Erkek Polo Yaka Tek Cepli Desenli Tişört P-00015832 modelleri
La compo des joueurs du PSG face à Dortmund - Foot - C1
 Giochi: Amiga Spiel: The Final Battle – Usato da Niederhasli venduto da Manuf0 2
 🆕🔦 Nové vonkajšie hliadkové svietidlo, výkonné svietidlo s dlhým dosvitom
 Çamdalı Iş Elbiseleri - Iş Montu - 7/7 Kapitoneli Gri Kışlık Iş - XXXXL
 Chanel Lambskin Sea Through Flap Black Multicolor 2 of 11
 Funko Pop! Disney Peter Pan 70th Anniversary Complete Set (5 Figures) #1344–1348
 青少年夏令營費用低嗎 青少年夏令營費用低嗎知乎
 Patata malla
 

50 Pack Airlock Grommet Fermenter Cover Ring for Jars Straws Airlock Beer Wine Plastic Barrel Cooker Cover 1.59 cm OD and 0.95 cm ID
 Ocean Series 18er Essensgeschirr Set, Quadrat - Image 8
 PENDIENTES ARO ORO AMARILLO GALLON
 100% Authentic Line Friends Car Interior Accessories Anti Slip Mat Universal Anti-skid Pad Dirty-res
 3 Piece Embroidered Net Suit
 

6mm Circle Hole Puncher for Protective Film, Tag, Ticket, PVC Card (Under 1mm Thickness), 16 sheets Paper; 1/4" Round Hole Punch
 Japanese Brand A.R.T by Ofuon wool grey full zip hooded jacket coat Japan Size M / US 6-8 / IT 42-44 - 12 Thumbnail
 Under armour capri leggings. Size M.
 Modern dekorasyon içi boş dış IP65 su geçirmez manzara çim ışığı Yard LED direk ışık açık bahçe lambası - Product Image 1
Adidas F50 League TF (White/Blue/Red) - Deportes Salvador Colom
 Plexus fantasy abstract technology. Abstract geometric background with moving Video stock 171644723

Task statement → Task for the records above: copy every line in which the word "Image" occurs.

Answer to the problem →
 Ocean Series 18er Essensgeschirr Set, Quadrat - Image 8
 Modern dekorasyon içi boş dış IP65 su geçirmez manzara çim ışığı Yard LED direk ışık açık bahçe lambası - Product Image 1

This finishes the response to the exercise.